How should I evaluate prospective solo 401k providers?

I have recently become an independent contractor and I'm in it for the long haul. I've done the reading about IRAs vs. solo 401k and the latter is for me: it will allow me to contribute much more money for my retirement.

Now, to pick a provider! On what criteria should I compare them?
posted by gsh to Work & Money (2 answers total) 5 users marked this as a favorite
 
The criteria laid out in A Random Walk Down Wallstreet by Burton Malkiel is that you want a no-load index fund.

Basically an index fund tries to match the market - e.g. just stocks from the S&P 500 rebalanced occasionally if one stock dives or rises to represent a disproportionate amount of your holdings. "Don't try to beat the market, just try to match it, over the long term it's always done very well, and often better than the pundits" is the basic message.

Since it's pretty automatic, there's no person to pay for managing it, so you don't pay a management fee, hence being no-load. The more fees you pay, the less of what the fund earns ends up in your pocket.

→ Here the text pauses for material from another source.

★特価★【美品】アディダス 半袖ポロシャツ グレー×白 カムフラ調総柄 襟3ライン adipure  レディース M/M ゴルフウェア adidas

Vanguard - the company Burton Malkiel founded or worked at when he first wrote the book in the 70's, and I believe pioneered no load index funds, but are by no means the only ones offering this type of investment.

You should also look into basic lifecycle investing - you want more volatility when you're young and can potentially make bucket loads, but can also afford to lose bucketloads. By the time you near retirement you want to be mostly out of the stock market & into much more stable investments that return a steady income with very little risk.

Nearly every mutual fund company should have an index fund that automatically adjusts itself as you age, but these may or may not carry fees.
posted by Muffy at 8:39 PM on November 17, 2008


A friend of mine in this situation was able to come up with something through Fidelity that was pretty good. He is a member of the Freelancer's Union and said that they also had some useful info. His criteria were: fees, available investments and flexibility (i.e. whether he could easily roll-over other investments into his 401k, etc.). Basically, he found that as fees go up, so do available investments and flexibility.

Muffy, you are answering an entirely different question.